David Geffen School of Medicine at UCLA, Los Angeles, California, USA.
Curr Opin Pulm Med. 2013 Mar;19(2):116-24. doi: 10.1097/MCP.0b013e32835d8ea4.
This article reviews findings from longitudinal observational studies in both general and chronic obstructive pulmonary disease (COPD) populations, as well as from intervention trials in COPD, in which the annual rate of decline in forced expired volume in 1 s (FEV₁) has been measured. The purpose of the review is to describe the individual variability in rates of decline in FEV₁ within these populations, explore the factors contributing to this variability and discuss its implications.
Individual rates of decline in FEV₁ have been found to vary considerably across participants with COPD in both observational cohorts and intervention trials from decreases as rapid as 150-200 ml per year to increases of up to approximately 150 ml per year, with mean rates of decline ranging from 33 to 69 ml per year. Aside from technical and biologic (e.g., time of day, season, weather, fatigue) sources of variation, other influential factors have included smoking status (most notably current versus former smoking), baseline smoking intensity, baseline lung function, airway hyperresponsiveness, exacerbation frequency, and, variably, age and sex. The presence of emphysema may also be a determinant, as well as certain biomarkers and gene variants.
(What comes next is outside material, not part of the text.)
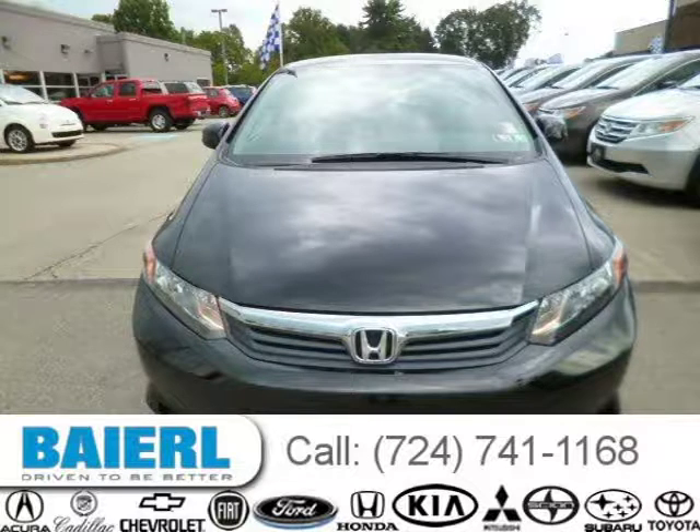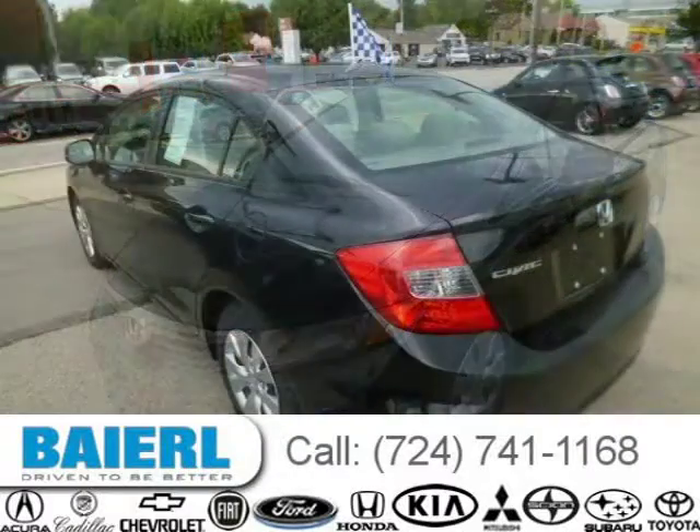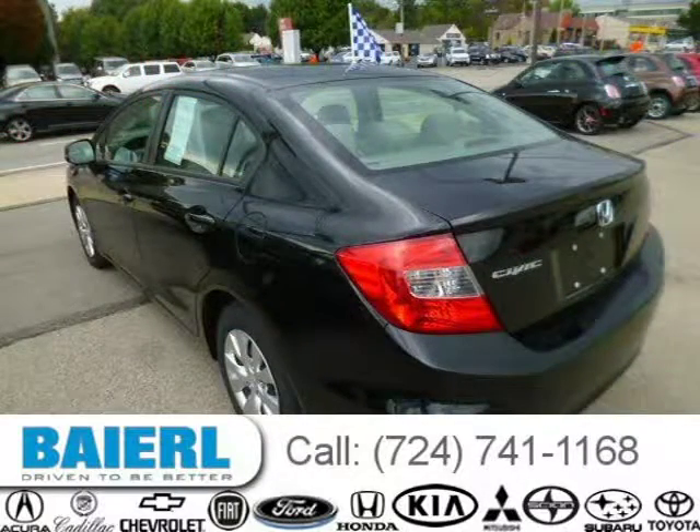This Honda Civic has a beautiful Crystal Black Pearl exterior paint color, which is complemented by a grey interior color. For more information on this great Honda Civic, please click the link below.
The wide distribution of individual rates of decline in FEV₁ includes especially rapid and slow declines. Future research is needed to identify biomarkers that both are predictive of a rapid decline within individuals who might then be targeted for special intervention and might also serve as surrogate endpoints in interventional trials.
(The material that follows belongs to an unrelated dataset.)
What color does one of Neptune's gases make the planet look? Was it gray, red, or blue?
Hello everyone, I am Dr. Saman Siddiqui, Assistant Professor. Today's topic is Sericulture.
本文综述了在一般人群和慢性阻塞性肺疾病(COPD)人群的纵向观察性研究以及 COPD 干预试验中的研究结果,这些研究均测量了 1 秒用力呼气量(FEV₁)的年下降率。综述的目的是描述这些人群中 FEV₁ 下降率的个体差异,探讨导致这种差异的因素,并讨论其意义。
在 COPD 的观察性队列和干预试验中,FEV₁ 的个体下降率在参与者中存在很大差异,从每年快速下降 150-200 毫升到每年增加约 150 毫升不等,平均下降率范围从 33 到 69 毫升/年。除了技术和生物学(例如,一天中的时间、季节、天气、疲劳)的变化来源外,其他有影响的因素还包括吸烟状况(尤其是现在和以前吸烟)、基线吸烟强度、基线肺功能、气道高反应性、加重频率,以及年龄和性别等因素。肺气肿的存在也可能是一个决定因素,还有某些生物标志物和基因变异。
FEV₁ 个体下降率的广泛分布包括特别快速和缓慢的下降。未来需要研究识别生物标志物,这些标志物既能预测个体快速下降,又能针对那些可能需要特殊干预的个体,并能作为干预试验中的替代终点。